Your assignment —
An exact copy is needed of the lines in the entries below from the line with "Fig. 1. Morphological" up to and including the line with "Tract 9 - REAL", and of nothing else. Leave the pictures out.

Data listing —
******************************
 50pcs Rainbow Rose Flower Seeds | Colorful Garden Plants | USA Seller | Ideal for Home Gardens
******************************
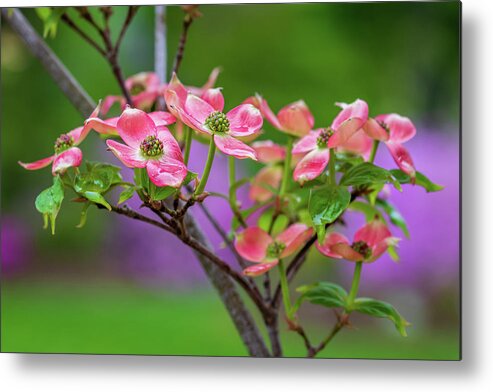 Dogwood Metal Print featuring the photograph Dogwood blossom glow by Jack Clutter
******************************
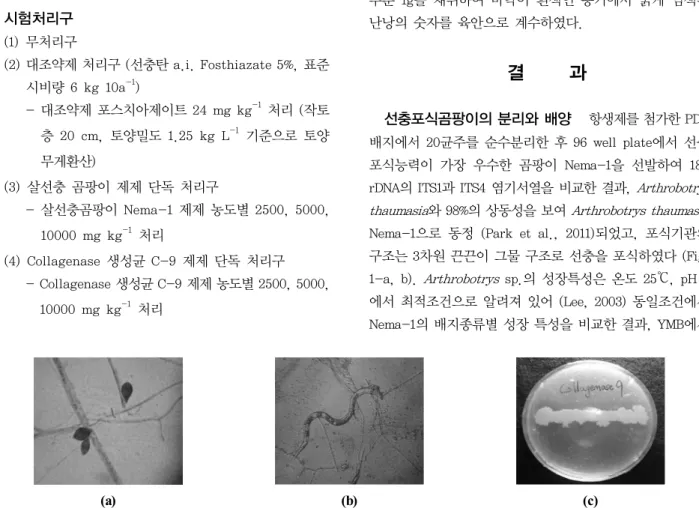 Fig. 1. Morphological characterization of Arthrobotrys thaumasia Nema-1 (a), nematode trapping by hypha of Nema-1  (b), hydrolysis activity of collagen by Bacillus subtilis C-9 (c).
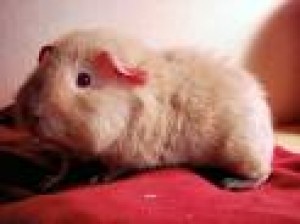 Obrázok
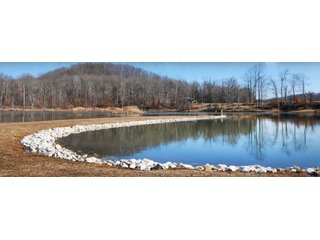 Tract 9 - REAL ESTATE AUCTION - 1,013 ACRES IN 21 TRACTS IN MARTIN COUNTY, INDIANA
******************************
Answer box —
 Fig. 1. Morphological characterization of Arthrobotrys thaumasia Nema-1 (a), nematode trapping by hypha of Nema-1  (b), hydrolysis activity of collagen by Bacillus subtilis C-9 (c).
 Obrázok
 Tract 9 - REAL ESTATE AUCTION - 1,013 ACRES IN 21 TRACTS IN MARTIN COUNTY, INDIANA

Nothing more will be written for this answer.